At the time, with cell phone communication spotty or non-existent, there “was no information to make a decision,” he said.
On the way back, Hoppe, with her expertise as an architect, was invaluable. “She kind of did a once over on buildings before we decided to stay or not,” Twery said of his friend.
“There was no way out except just walking,” said Hoppe, who is a cyclist. Meanwhile, the area was hit by a number of aftershocks.
The destruction “was all around you,” she said.
* In Khumjung the second place they stayed, “the Sherpa family below us had lost their son who was a chef at the base camp with a New Zealand group looking to climb Mount Everest,” Hoppe said. “So the monks there set up a big white tent and burnt juniper branches and chanted. For the two days we were there they continued to chant.”
* In Namche, “The tea room [a lodging place] was damaged and there were reports that significant aftershocks were expected during the night so we slept in a tent outside,” she said. “We met two people who were on a summit attempt of Mount Everest.
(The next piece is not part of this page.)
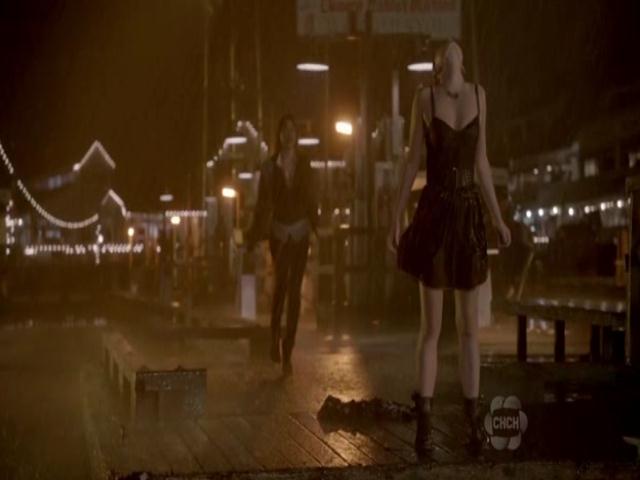 VampireDiariesWorld-dot-org_TheSecretCircle-S01E01-1514.jpg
They were at a camp — one of the first camps above the base camp — and they had lost three of their climbing colleagues in the avalanche and they had lost all their gear. They had to be airlifted by helicopter out of camp down to base camp and then they walked out.”
* In Khumjung they spent some time helping others residents rebuild their stone walls, using existing stone from collapsed buildings, Hoppe said.
“There were no aid workers anywhere in the villages at all,” she said. “We just saw some people and asked them if they wanted help. There was nothing organized of any sort.”
The region’s buildings were almost all made of “piled up stone, much like you’re building a stone wall,” she observed. “There is no mortar. There is no reinforcement. When a building starts to shake there’s absolutely nothing whatsoever holding it together. All that stone just collapses; whereas with wood, it can flex.”
Twery was impressed “to see all the people, how they deal with the adversity and tragedy around them and their good spirit. Nobody really waited for the government to help. They just started repairing and going on with their lives.”
She is concerned about the effect on that spirit, after Tuesday’s quake, which triggered more landslides and collapsed buildings.
The second earthquake occurred in a town where Hoppe and Twery slept outside in a tent during their expedition.
Hoppe, who has been in contact with people in the country about building temporary shelters, is concerned that the event coming less than three weeks after the last earthquake could change the attitude of the people.
“It’s going to be what next? There’s going to be this big fear that this is just going to go on and on,” she said.
As a girl, Hoppe said she had been devoted to reading about climbing and Mount Everest.
“I’m a cyclist, so I have a lot of endurance and I pretty much felt I could do this trip.”
She is close with Jay’s wife, Jill, and good friends with Jay, so “I said, ‘We’ve got to do this.”
“Of course, the exhilaration and joy of the initial journey was changed after the earthquake in the face of all the tragedy around us and our dashed hopes,” she said, “but in many ways the experience of being in Nepal during the return journey was deeply beautiful and moving.
“I think a big part of my heart is still in Nepal.”